Голос его звучал все выше и тоньше оттого, что он старался придать ему как можно больше внушительности.
— Почему именно меня уличать во лжи? Лезть ко мне с каким-то допросом?
— Подстерегать меня зачем-то? Меня?
— Истина. Да что такое истина? Я рассказывал, — ах, ну будем говорить прямо, — я рассказывал небылицы этим милым леди. (А в каком они были восторге!) Ну и что же, если я это делал?
— Я тебя спрашиваю, что тут такого, если я это делал?
— А разве существует что-нибудь, кроме лжи? Вся эта наука! Сплошное притворство говорить, будто есть что-нибудь истинное и достоверное. Ханжество и притворство, будто что-то идет к лучшему. А нельзя ли уточнить? Уточнить! Прости, если мне это кажется смешным.

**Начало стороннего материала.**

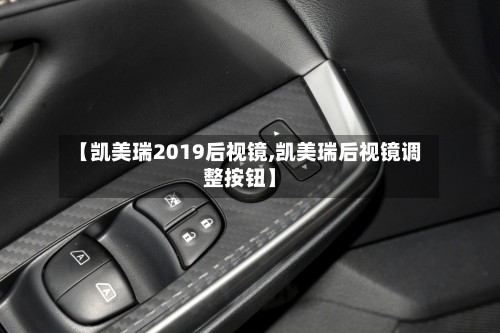 【凯美瑞2019后视镜,凯美瑞后视镜调整按钮】-第1张图片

Некоторое время он стоял молча, не находя слов для беспорядочно теснившихся мыслей. Ему хотелось доказать, что в мире нет ничего, что можно было бы считать более достоверным, чем все другое. Он чувствовал, что для него чрезвычайно важно установить это. В его отягченном и одурманенном мозгу копошились какие-то спутавшиеся в клубок обрывки всяких научных и философских споров последнего десятилетия. Ему хотелось сослаться на астрономов с их бесконечными расхождениями, привести цитаты, доказать, что время и пространство смешались и что поэтому не существует больше зависимости между причиной и следствием. Вселенная — это не что иное, как движущаяся, меняющаяся иллюзорность, прошлое, настоящее и будущее, все вместе. Это было бы действительно блестящим и убедительным выступлением, но беда была в том, что ему подвертывались только отдельные слова, а фразы никак не хотели складываться. Он выкрикивал:
— Эддингтон! Джинс! Уайтбрэд (вместо Уайтхэд)! Протоны! Неоны! И эти новые, как их там — нейтроны, — ни то, ни другое! Боже, как мне все это надоело! Как надоело!
Это надо было понимать как полное отрицание и даже более — окончательное ниспровержение всякой установленной внешней реальности. Если детали и были несколько схематичны, то, во всяком случае, намерение его оставалось твердым.
— А теперь перейдем к истории и доказательствам, — сказал он. — Перейдем-ка к этому!
Звук его собственного голоса действовал на него весьма успокаивающе. Звезды ничего не отвечали. Они, казалось, уходили все дальше.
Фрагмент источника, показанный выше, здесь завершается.